Mobile banking is one such channel presenting two different competitive strategies at two contrasting low-income designated credit unions that have used those grants and others to create services for the underbanked. They are the $245 million St. Louis Community Credit Union in Missouri and the $188 million Hope Credit Union in Jackson, Miss.
The St. Louis credit union said it is pushing mobile banking to supplement its existing offerings, including heavily used branch services, while Hope FCU sees mobile banking as an entry point for people living in what it calls bank deserts in its service area in swaths of Mississippi, Arkansas, Tennessee and Louisiana.
St. Louis Community used a $6,439 grant from the NCUA to develop and market an app, according to Paul Woodruff, vice president of community development at the credit union. To keep it affordable, the cooperative used a ready-to-go mobile app to sit atop its Fiserv Portico core processing system. That app was from My Mobile Fans, a Carmel, Ind.-based outfit that advertises customized apps for as little as $299.
Woodruff said the app has been downloaded about 3,600 times since its February launch, with Android users outnumbering Apple users by about two-to-one.
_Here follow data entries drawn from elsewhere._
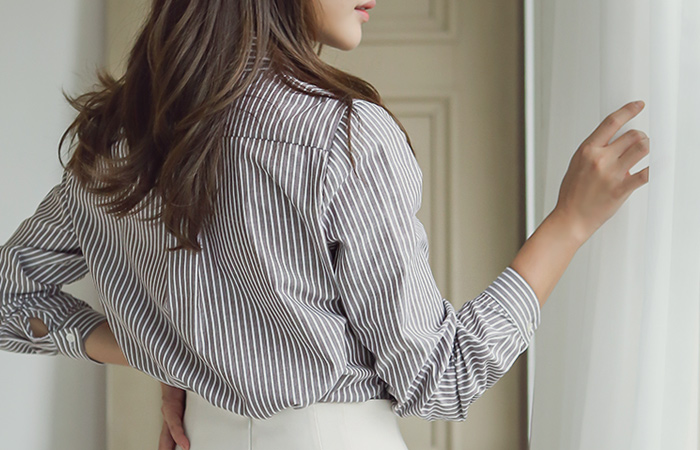 ベーシックストライプシャツ（品切り）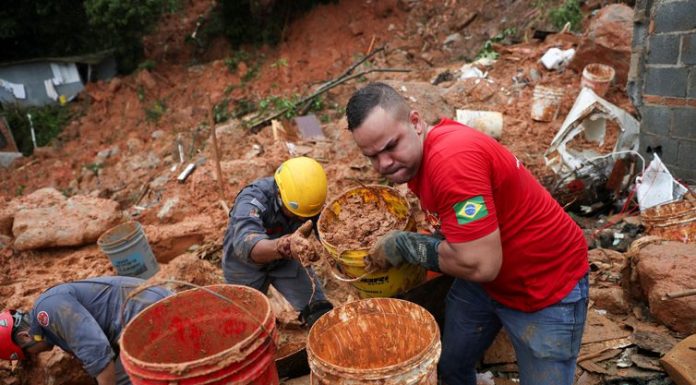 Número de mortos na Baixada Santista sobe para 25, diz Defesa Civil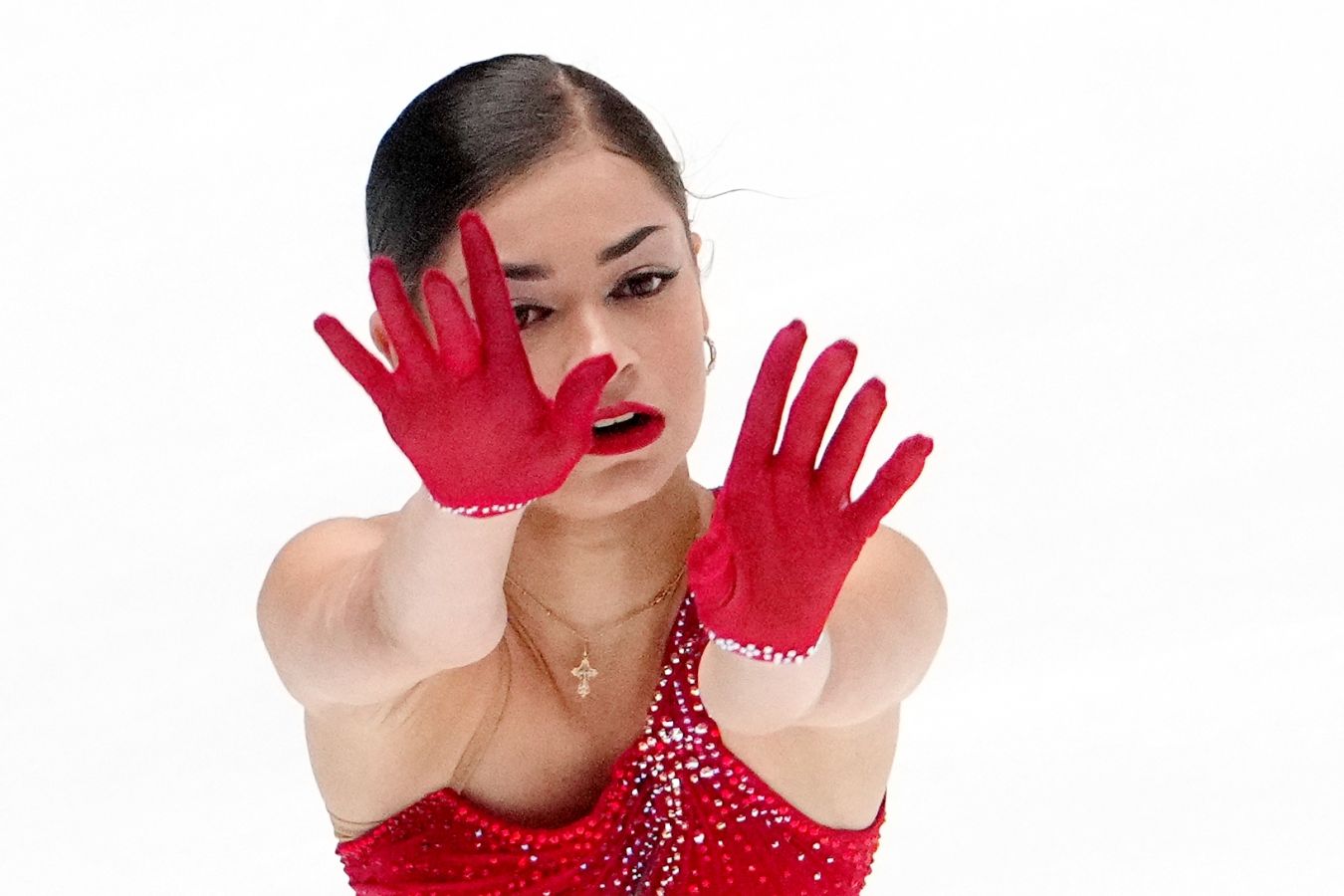 Видео произвольной программы Аделии Петросян с падением на ОИ-2026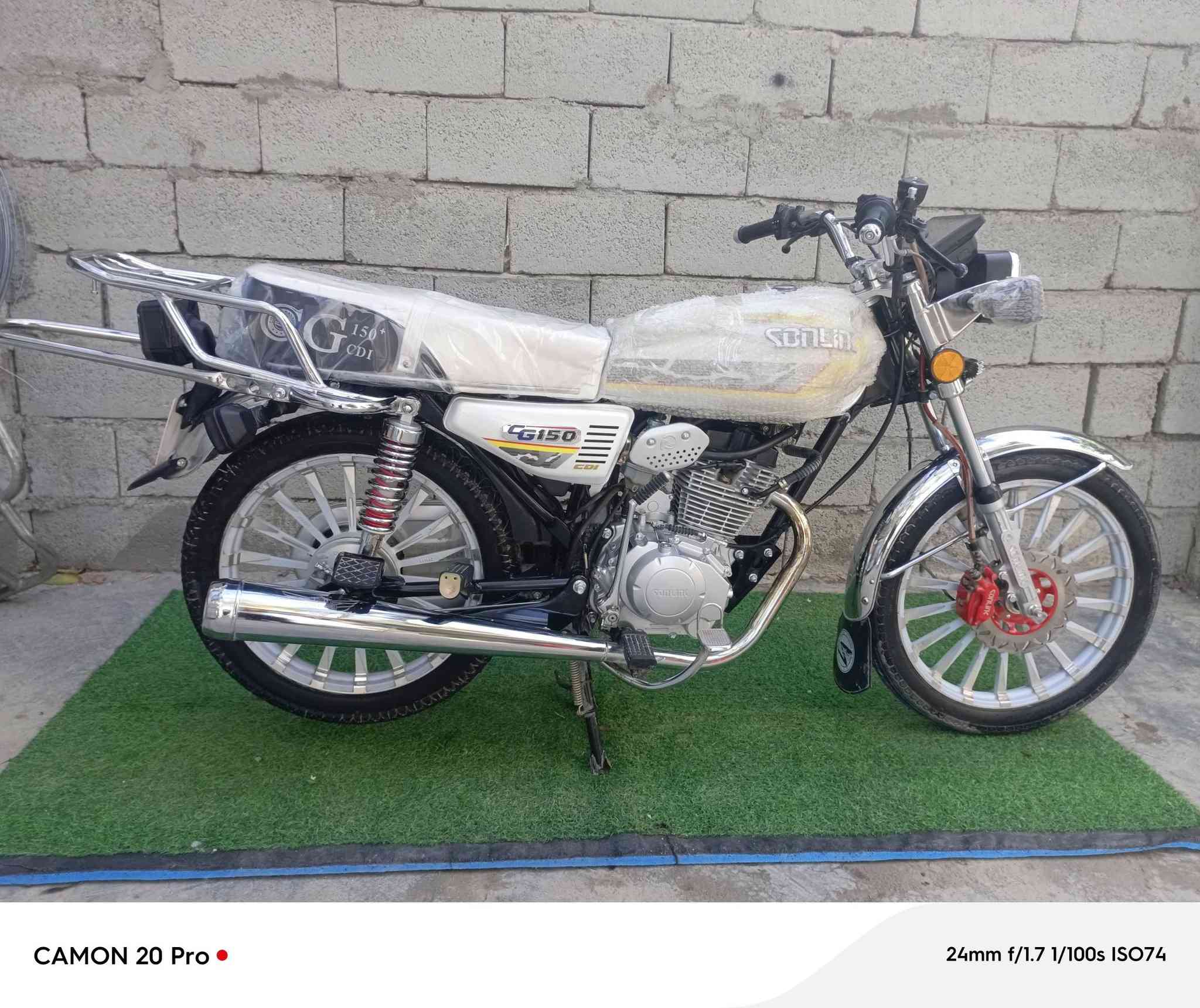 سلام عليكم سيفان مديل 25اصل دراجة زيرو ستعمال قليل كاملة برغي ممفتوح بيهة بصماات سويجات كاملة مكاني ديالى بعقوبة جسر خرنابات شراي تصل ودلل 
***********
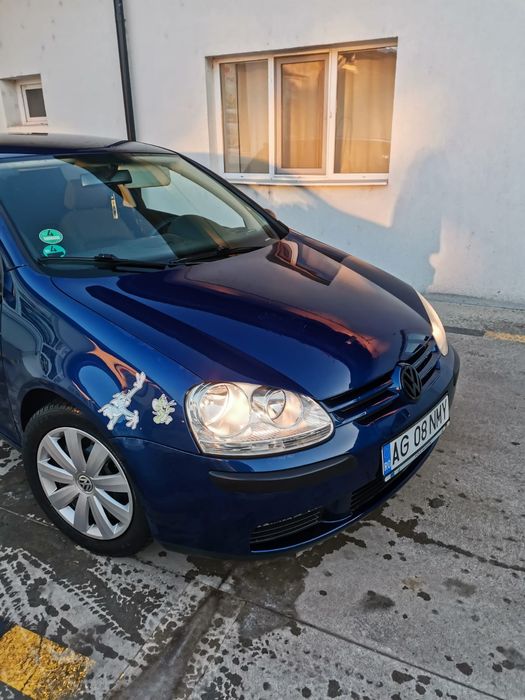 Vând Volkswagen golf 5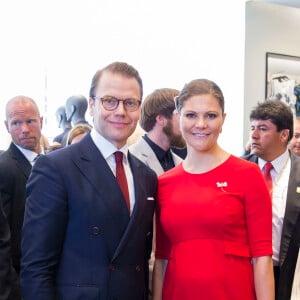 La princesse héritière Victoria de Suède, enceinte et vêtue d'une robe Séraphine, et le prince Daniel effectuaient le premier jour de leur visite officielle au Pérou à Lima, le 19 octobre 2015.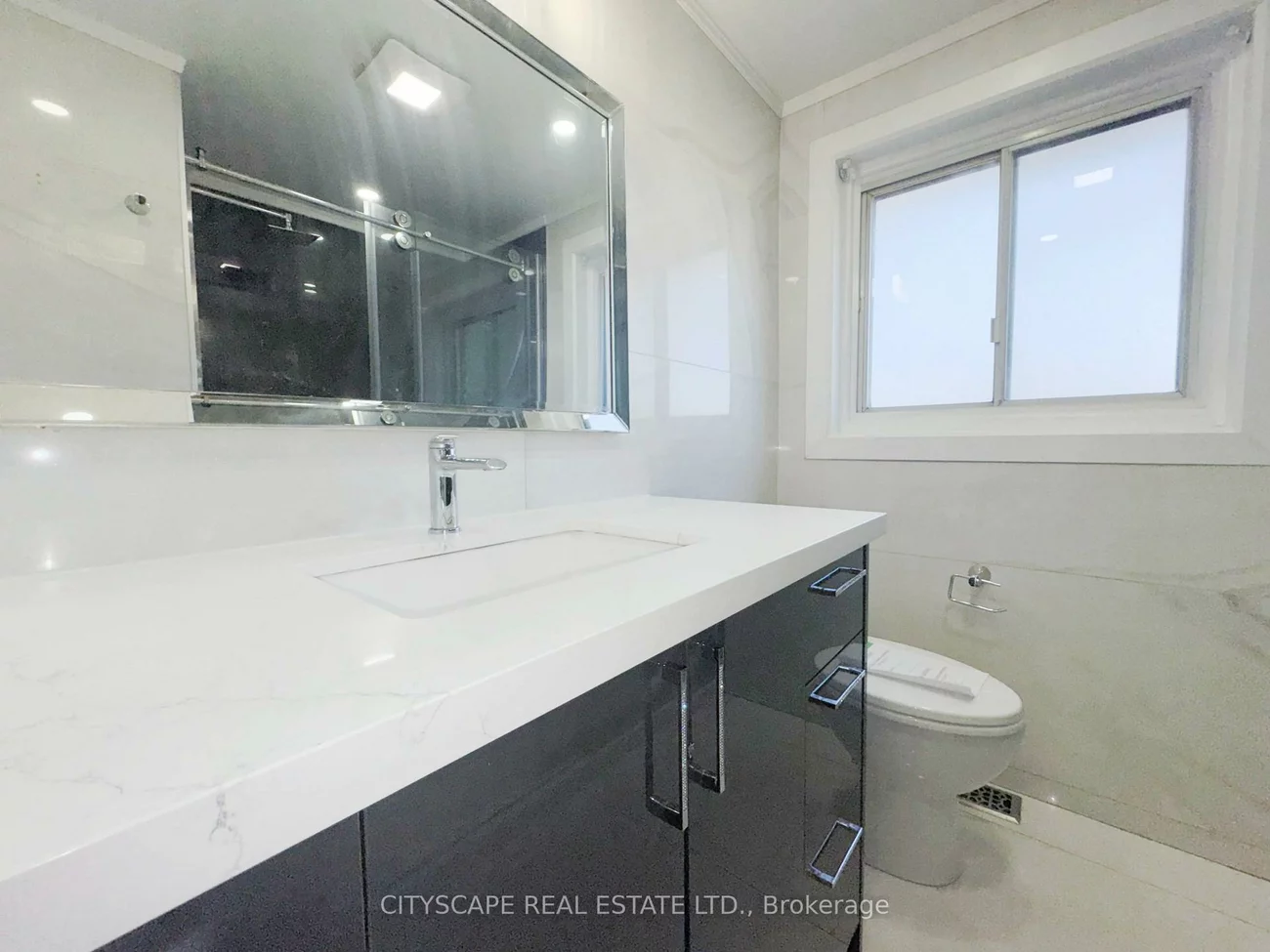 345, Silverstone, West Humber-Clairville, Toronto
“It hasn't started to relieve traffic in our branches yet, but it is another outlet to acclimate our membership to get more independent about how they handle money,” Woodruff said, adding it provides access to many who can't get to the 11 offices around the metro area.
“In addition to high-quality service, our hope is that having tools like this will ease the strain on our staff. We have huge numbers of members come into branches and call on the phone,” Woodruff said. “Anything we can to allow our staff to focus on loans and other things to help us keep our doors open, that's great.”
Meanwhile, Hope executives see their mobile outreach as a way to serve members who frequently face similar issues of lack of transportation, combined with the lack of available branches of any financial institutions for miles around in its rural service area, according to the credit union. Many of them cannot afford computers so they rely on their smartphones as their online link.
“Statistics show that Mississippi and Arkansas have the highest percentage of wireless users who have given up their landlines,” said Hope CFO Richard Campbell. “Low-income people who are getting smartphones are doing it not because they’re greedy or excessive. It's because they’re smart.”
He noted, “To survive in our world and our economy that's the cheapest way to go. They’re largely bypassing computers completely. And if we’re going to be their financial services provider, we have to understand that and put our emphasis there.”
Campbell said Hope launched a new mobile app in 2012 that has driven adoption sharply, now totaling 3,000 users, with 6,000 of the credit union's 29,000 members also banking online.
Hope worked on its mobile app development with Pablo DeFilippi, director of membership of the National Federation of Community Development Credit Unions in New York.
“These channels can help credit unions improve their reputations with low-income consumers,” DeFilippi said. “Think about why people drift away from financial institutions. They don't really have access to real-time information. That turns them into someone who is underbanked. “Mobile is a great tool for reaching out to people who don't see the mainstream as an option. It makes it accessible to them.”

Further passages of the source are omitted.